DATE: Tuesday, Nov 17, 2009
TIME: 3:30 pm
PLACE: Council Room (SITE 5-084)
TITLE: Evaluating Machine Learning: Scored Receiver Operating Characteristics Curves (SROC)
PRESENTER: William Klement
University of Ottawa
ABSTRACT:

In machine learning, standard learning tasks range from learning to classify, learning to rank, or learning to estimate probabilities. Such tasks may be performed by means of estimating scores related to class memberships. These scores can be made to produce classification decisions by imposing a classification threshold, can be ordered to produce a ranking, or may be used as probability estimates of class memberships given that certain statistical assumption are met.

In recent years, the machine learning community has developed well-established methods to evaluate such learning tasks. In particular, the Receiver Operating Characteristics Curve, the ROC curve, is an evaluation method that depicts the ranking performance of a learning algorithm based on its classification decisions, which are obtained by imposing a threshold on the scores. As for the task of estimating probabilities, principles of statistics provide extensive methods to evaluate its performance, however, these require making assumptions.

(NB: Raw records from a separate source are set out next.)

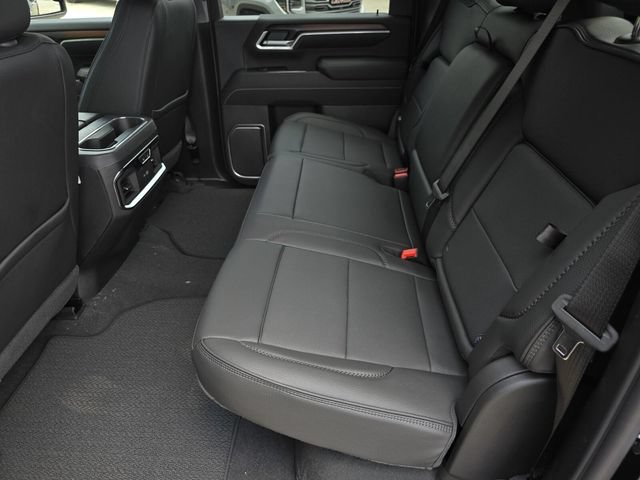 New 2026 GMC Sierra 2500 Denali w/ Denali Reserve Package AWD/4WD image 22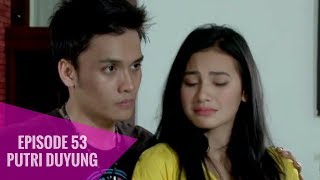 Putri Duyung  Episode 74 [upl. by Adihsaar]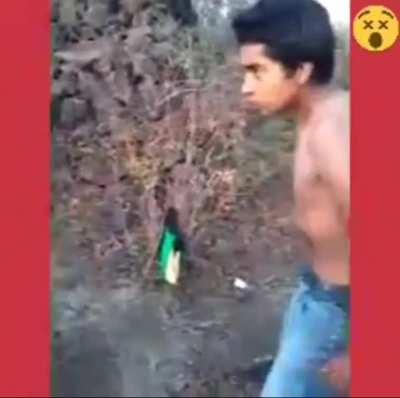 Video que forma parte del patrimonio cultural de México lindo y querido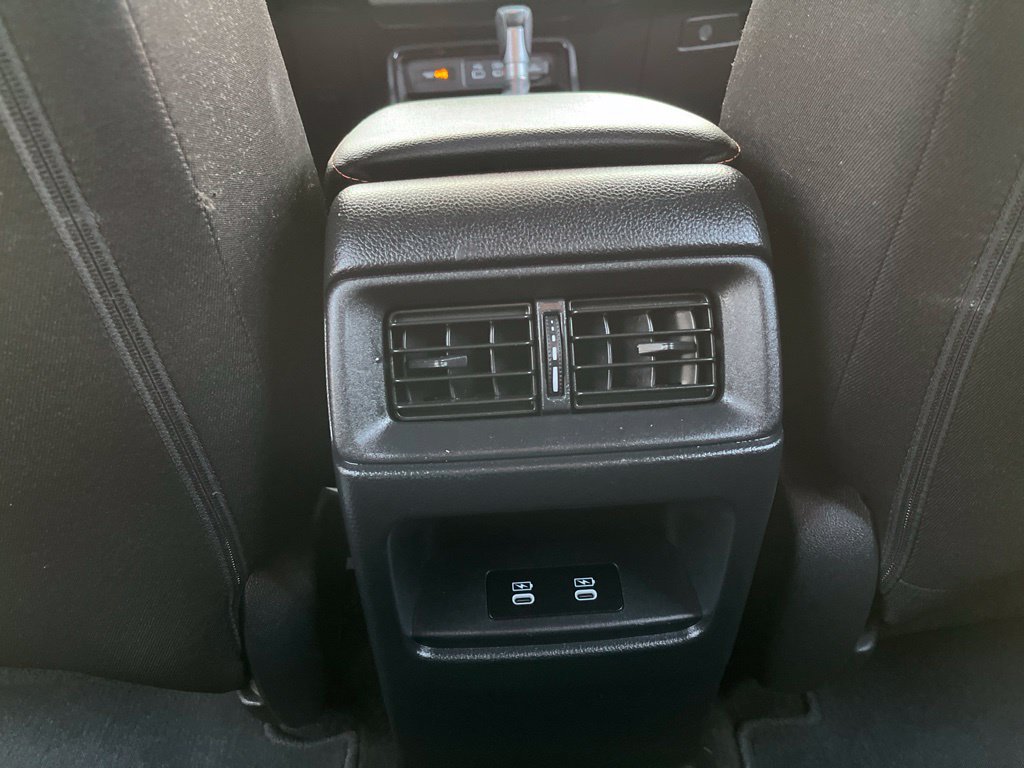 Certified 2024 Honda CR-V Sport image 14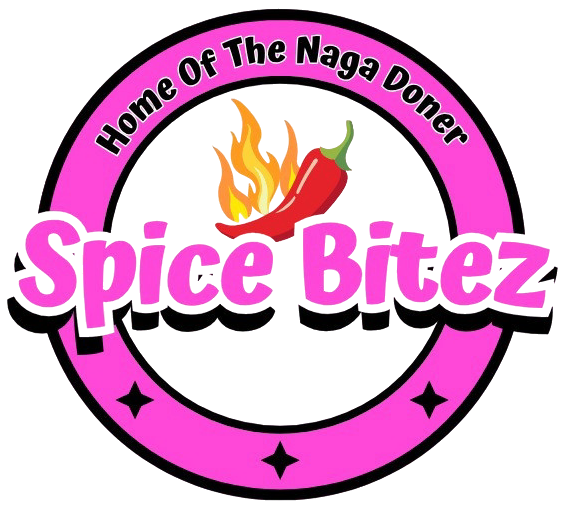 Spice Bitez logo
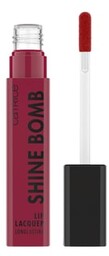 CATRICE Shine Bomb Lip Lacquer Szminka 3 ml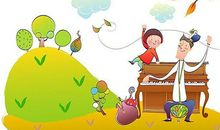 [2013暑期征文]暑假，令我飞翔的翅膀_900字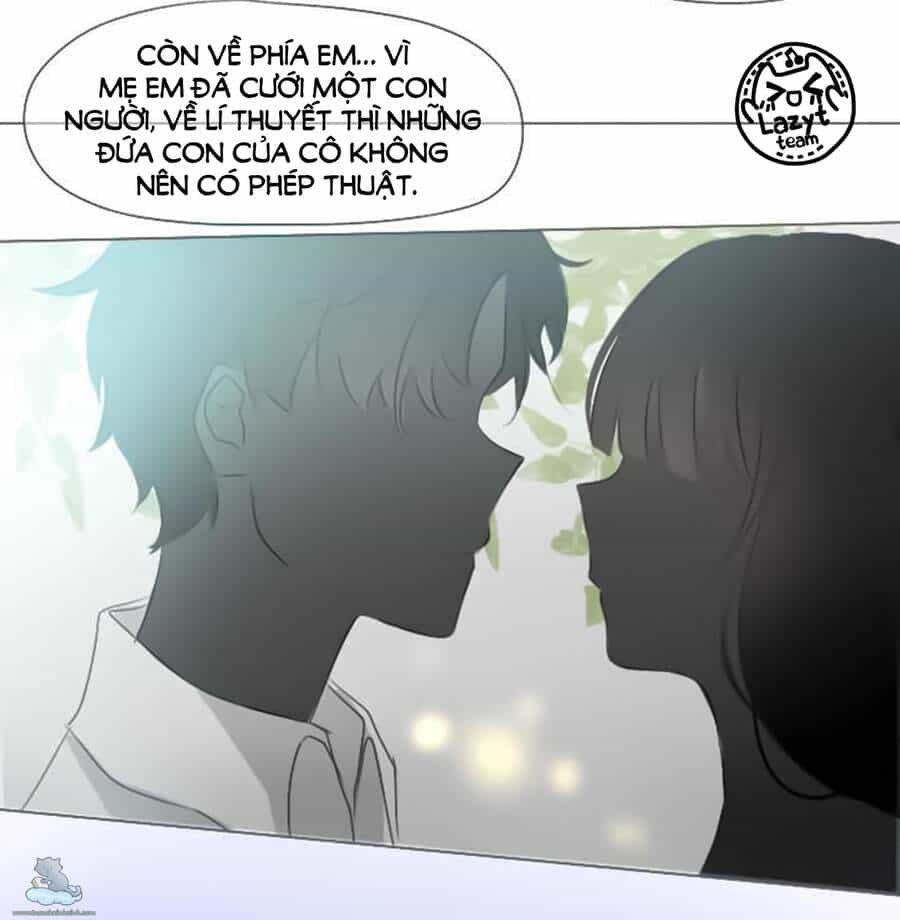 Cô Gái Bình Thường - Chương 5 - ảnh 34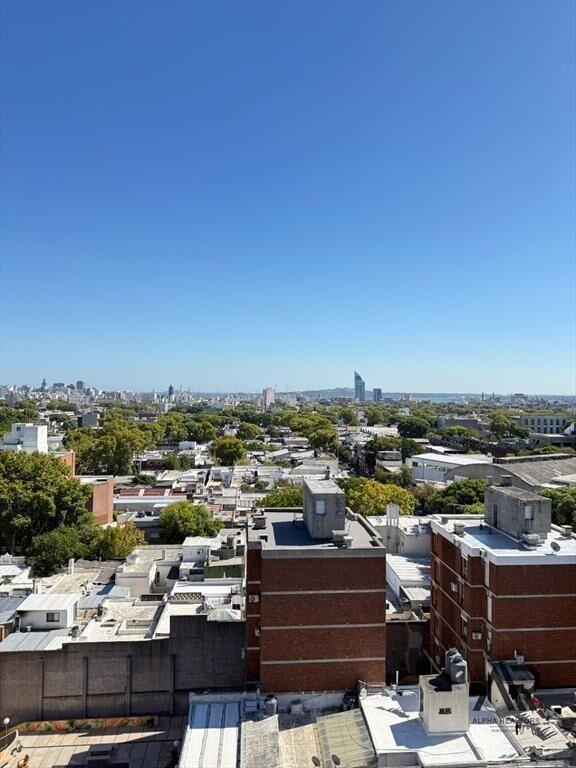 Apartamento en venta en Tres Cruces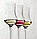 Набір із 6 келихів для грапи 113 мл Schott Zwiesel Bar Special, фото 4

In this research, we claim that measuring similarities and differences between scores, produced by a learning algorithm, convey performance information omitted by the standard ROC curve. On the one hand, for a classification or a ranking task, the ROC curve ignores the magnitudes and the margins such scores once the curve is determined. On the other hand, these scores may not meet assumptions needed to be considered as probabilities. Therefore, our work is concerned with measuring similarities or differences between sets of scores resulting from such tasks. This research develops the Scored ROC Curve, which extends the standard ROC curve to incorporate such scores. Our experimental results show that measuring similarities or differences between learning algorithms, using this Scored ROC curve, presents an intuitive performance evaluation.